Dr Sharwood has provided the opinion that, “It is very difficult to associate any of his back symptoms with his military service.” At the hearing Dr Sharwood was asked to elaborate on this, and he advised that it was difficult because there is no documented evidence of a back injury. The applicant could also not give him a clear history of a back injury. He stated that the applicant appeared to have suffered a head injury in Rockhampton, and given the head injury and the nature of the injury it is possible that he suffered an injury to his back, but he cannot associate the back pain to the applicant’s military service.
At the hearing Dr Sharwood was also asked to comment on the CT scan and x-ray results for the applicant’s hip and back pain. He gave evidence that the 2013 CT scan showed that the applicant was suffering from lumbar spondylosis, but noted that at that time the applicant was 60 years old so it could have been age-related degeneration. He confirmed that the x-ray of the applicant’s hips showed he had significant osteoarthritis of both hips, with the right being worse than the left.
THE CLAIMED CONDITIONS
The applicant contends that the three claimed physical conditions (i.e. lumbar spondylosis, osteoarthritis of both hips and trochanteric bursitis) were caused by the vehicle accident which allegedly took place in 1977. He further contends that the adjustment disorder with depressed mood condition was caused as a result of the pain he experiences from his physical disabilities.

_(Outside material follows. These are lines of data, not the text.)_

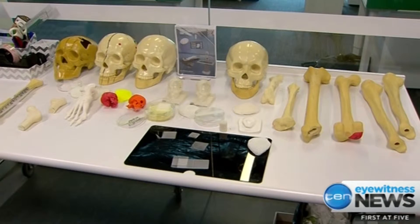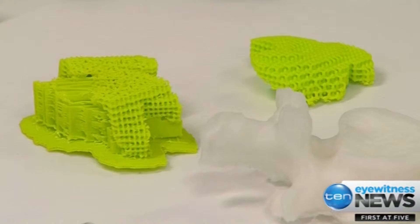The so-called biofabrication is already being used to repair bone, skin, and cartilage.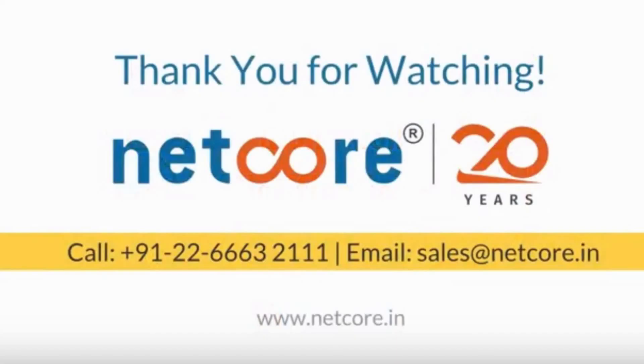We have seen these 5 techniques do amazingly well and have increased conversions for brands by many folds. So do try them out and write about your experience in the comment section. Thank you.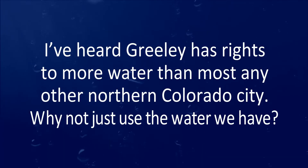Question two: I've heard Greeley has rights to more water than most any other northern Colorado city — why not just use the water we have? Using untreated non-potable sources of water for irrigation rather than treated potable sources saves our customers money. Not only do customers save on the cost of treating that water supply, but acquiring non-potable sources is about $25,000 per acre foot cheaper than acquiring potable sources. In addition, Greeley is able to stretch our water supplies by using local groundwater and indirectly reusing our wastewater for outdoor irrigation. While the quality of non-potable water is less than treated drinking water, it is still perfectly safe for outdoor irrigation.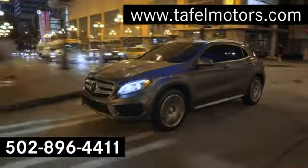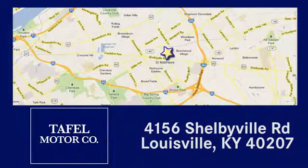Visit us online at tafflemotors.com, or call or stop in at 4156 Shelbyville Road in Louisville. A memorable experience awaits.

Lumbar spondylosis and osteoarthritis of both hips
The applicant’s claims for lumbar spondylosis with radiculopathy and osteoarthritis in both hips are related to the same set of facts and medical evidence. The applicant contends that both conditions were caused by the accident in 1977. SoP no. 63 of 2014 is applicable to the lumbar spondylosis claim, and SoP no. 14 of 2010 is applicable to the applicant’s osteoarthritis claim.
Clause 3(b) of the lumbar spondylosis SoP provides the following definition of lumbar spondylosis:
“a degenerative joint disorder affecting the lumbar vertebrae or intervertebral discs with:
(i) clinical manifestations of local pain and stiffness, or symptoms and signs of lumbar cord, cauda equina or lumbosacral nerve root compression; and
(ii) imaging evidence of degenerative change, including disc space narrowing or osteophytes.
Other commonly associated features include facet joint arthritis, bone hypertrophy and spinal stenosis. This definition excludes diffuse idiopathic skeletal hyperostosis, Scheuermann’s kyphosis and bulging of an intervertebral disc in the absence of other signs of disc degeneration. Lumbar spondylosis includes spondylosis at the lumbosacral junction.”
Clause 6 of the lumbar spondylosis SoP outlines the factors that can be said to connect the condition with the person’s service. The applicant contends factors (g) and (h) are relevant to this application:
(g) having trauma to the lumbar spine at least one year before the clinical onset of lumbar spondylosis, and where the trauma to the lumbar spine occurred within the 25 years before the clinical onset of lumbar spondylosis; or
(h) having a lumbar intervertebral disc prolapse before the clinical onset of lumbar spondylosis at the level of the intervertebral disc prolapse
The definition of “trauma to the lumbar spine” is defined in the SoP as:
“a discrete event involving the application of significant physical force, including G force, to the lumbar spine that causes the development within twenty-four hours of the injury being sustained, of symptoms and signs of pain and tenderness and either altered mobility or range of movement of the lumbar spine. In the case of sustained unconsciousness or the masking of pain by analgesic medication, these symptoms and signs must appear on return to consciousness or the withdrawal of the analgesic medication. These symptoms and signs must last for a period of at least seven days following their onset; save for where medical intervention has occurred and that medical intervention involves either:
(a) immobilisation of the lumbar spine by splinting, or similar external agent;
(b) injection of corticosteroids or local anaesthetics into the lumbar spine; or
(c) surgery to the lumbar spine.”
Clause 3(b) of the osteoarthritis SoP provides the following definition of osteoarthritis:
“a degenerative joint disorder with:
(i) clinical manifestations of pain, impaired function and stiffness; and
(ii) radiological, other imaging or arthroscopic evidence of loss of articular cartilage or osteophytes.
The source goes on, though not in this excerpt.